## Work to be completed
Omit any picture, and return the remaining data exactly as written.

## Data excerpt
::::::
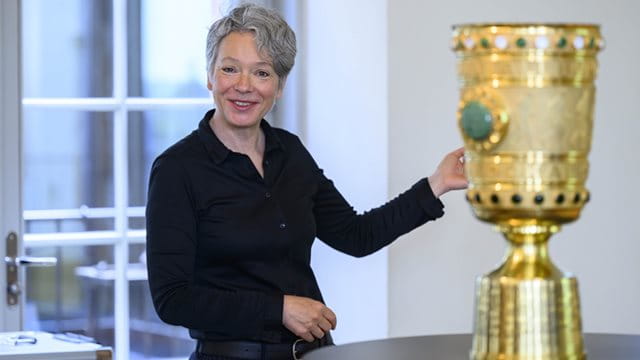 Kulturdezernentin Dr. Ina Hartwig mit dem DFB-Pokal Kulturdezernentin Dr. Ina Hartwig mit dem DFB-Pokal, Foto: Salome Roessler
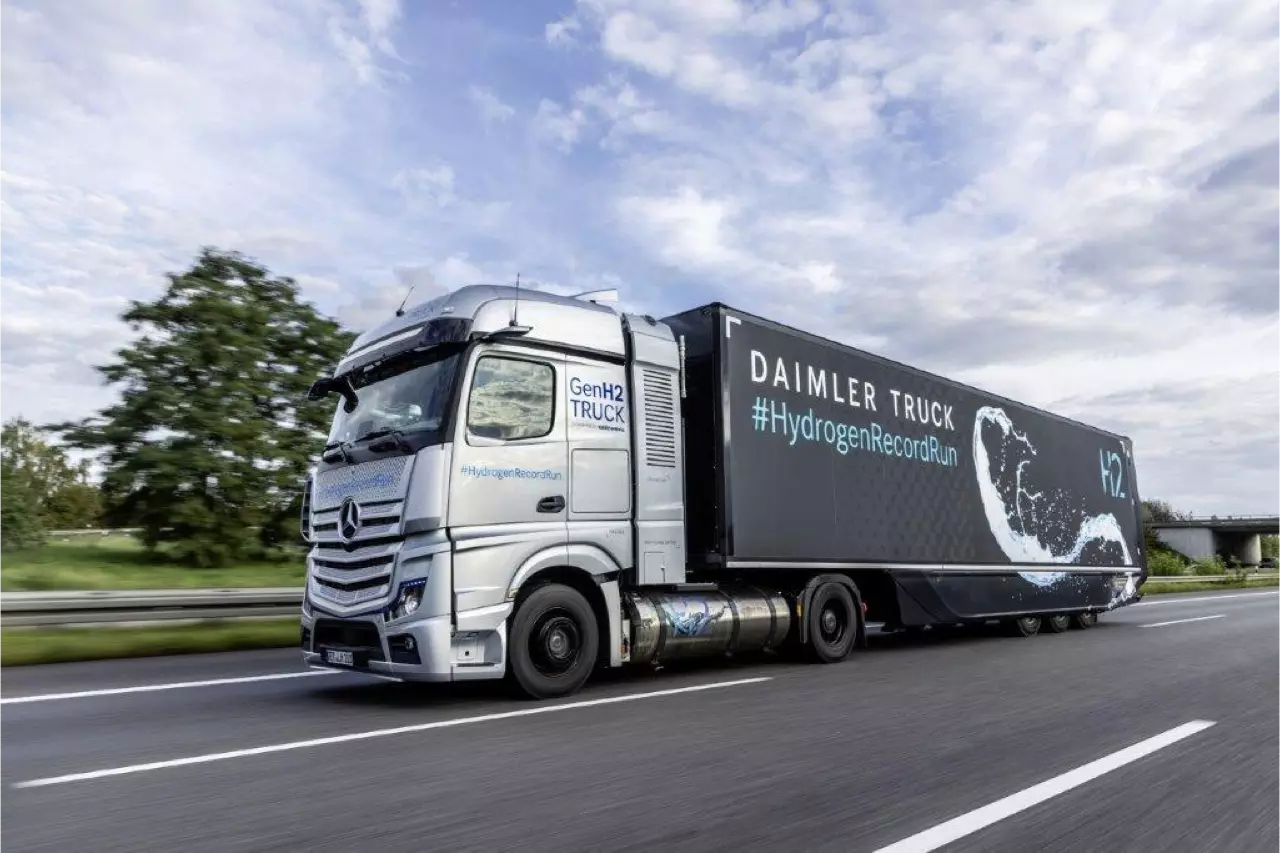 Mercedes-Benz GenH2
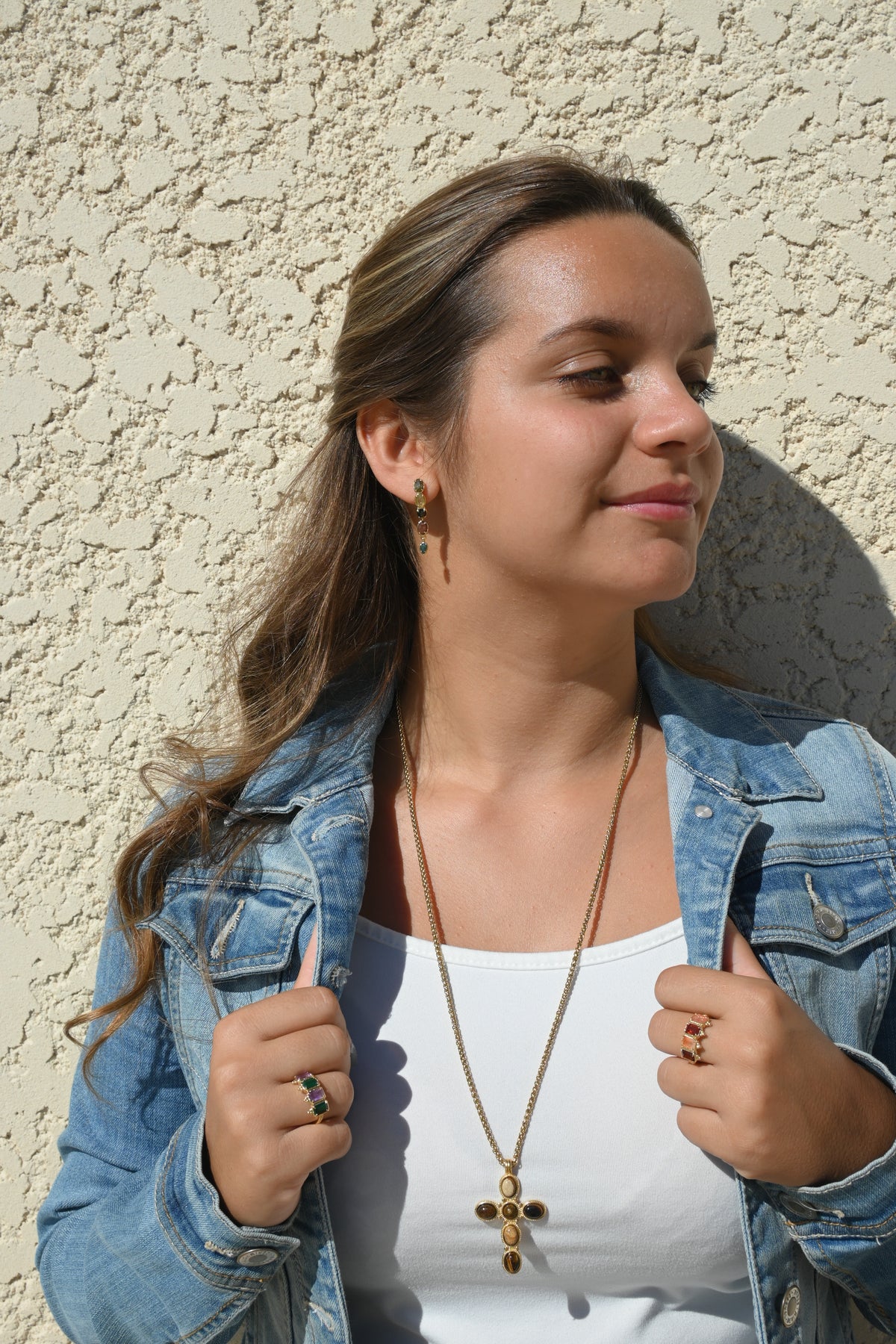 VERONIKA – Sautoir croix en pierres naturelles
::::::
## Answer box
 Kulturdezernentin Dr. Ina Hartwig mit dem DFB-Pokal Kulturdezernentin Dr. Ina Hartwig mit dem DFB-Pokal, Foto: Salome Roessler
 Mercedes-Benz GenH2
 VERONIKA – Sautoir croix en pierres naturelles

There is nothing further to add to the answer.